President Morsi Sworn In But Reaffirms Military’s Powers
Following Friday’s symbolic swearing-in in Tahrir Square, Egyptian President Mohammed Morsi took the oath of office Saturday before the Supreme Court. Field Marshal Hussein Tantawi saluted President Morsi on his arrival, and Morsi hailed the day as the fulfillment of a transition to civilian power. In his speech, the President also expressed gratitude for the military’s role in the revolution, and promised to grant them the necessary powers to bring security back to Egypt. The Egypt-Israeli peace treaty was also indirectly referenced as the President vowed to honor Egypt’s international treaties.
Meanwhile, an IMF spokesman has confirmed that IMF Managing Director Christine Lagarde spoke with Morsi on Thursday about a possible $3.2 billion loan. Lagarde affirmed the IMF’s willingness to support Egypt, but the spokesman said that a potential trip to Egypt to advance talks for such a loan will depend on the make up of Morsi’s cabinet.
A Freedom and Justice Party spokesman also spoke on the composition of the cabinet, saying that the Prime Minister will decide which political forces will be represented.

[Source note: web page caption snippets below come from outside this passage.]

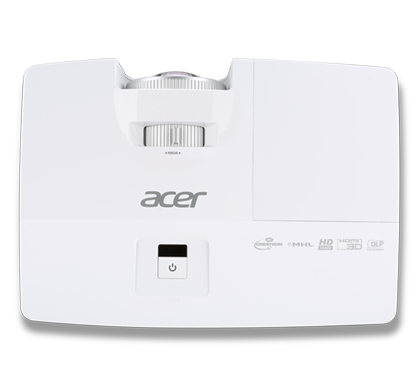 Acer Professional and Education S1383WHne Standard throw projector 3100 ANSI lumens DLP WXGA (1280x800) White – image 4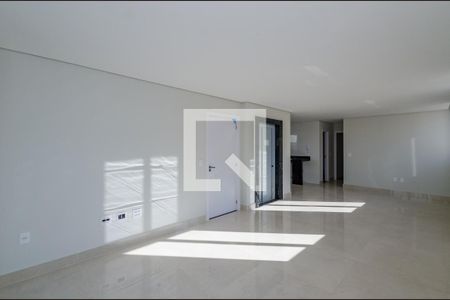 Sala de apartamento à venda com 4 quartos, 146m² em Gutierrez, Belo Horizonte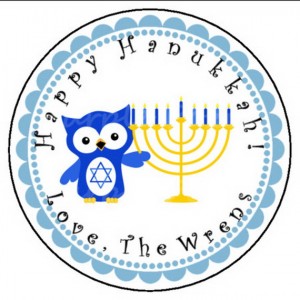 Simple hanukkah greetings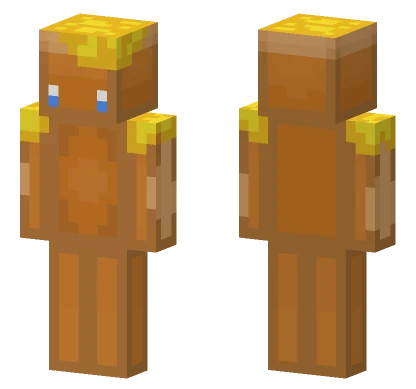 Honey Bee Suit Minecraft skin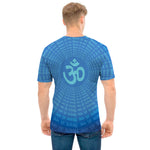 Spiritual Om Sign Print Men's T-Shirt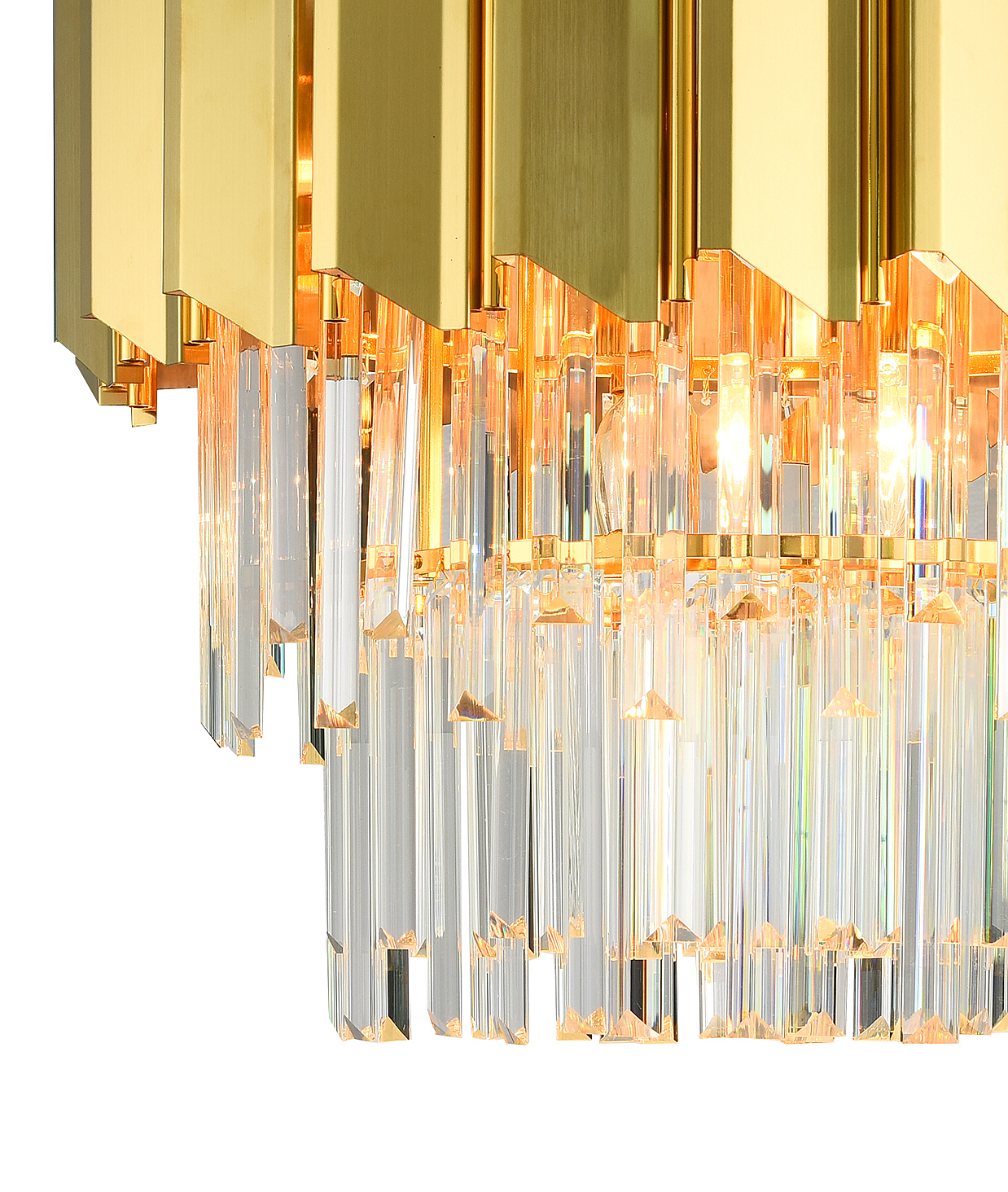 Подвесная люстра Natali Kovaltseva Delta DELTA 79005/8C BRASS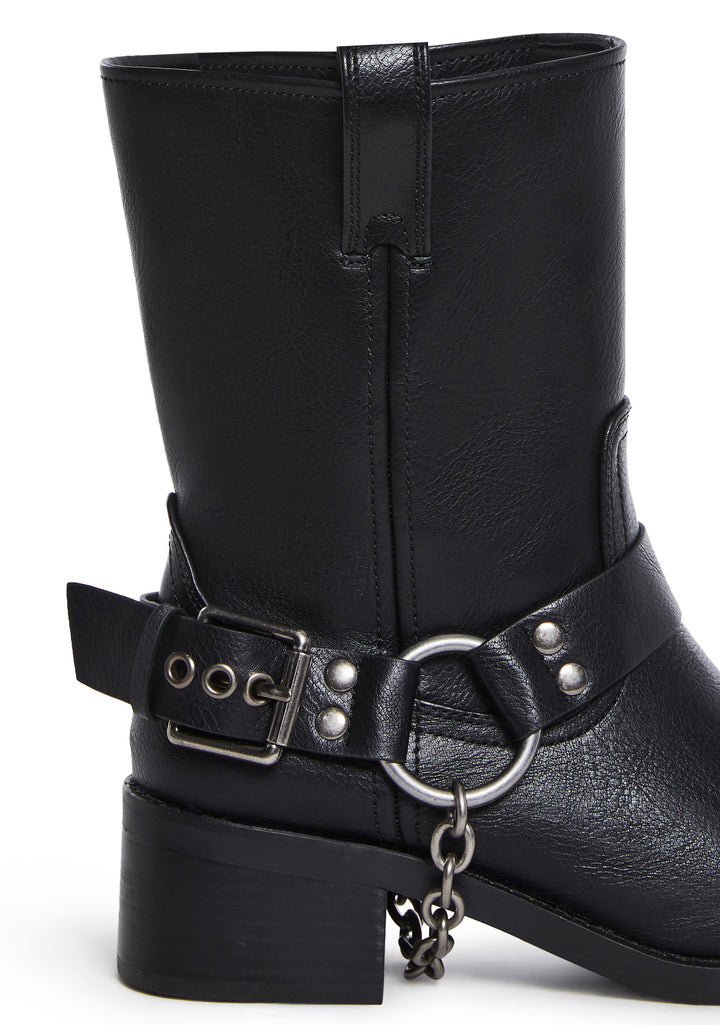 Vroom Away Moto Boots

Former diplomat Mohamed ElBaradei has yet to give a final reply to the offer of Prime Minister, but the spokesman said other men like economic experts Hazem al-Beblawy and Hamdy Suleiman are also under consideration.
Additionally, in his first interview since the election, Ahmed Shafiq admitted he had not expected Morsi to win, but called the President’s speech in Tahrir Square on Friday “enthusiastic and emotional.” Shafiq also expressed concern for maintaining a civilian state, but expects the Brotherhood to try to form a religious state.
Also, Joshua Stacher writing in The New York Times calls today’s inauguration “the latest grand spectacle manufactured by the military.” Stacher argues that President Morsi will now become merely the focal point for popular blame while the unaccountable military will still be calling the shots.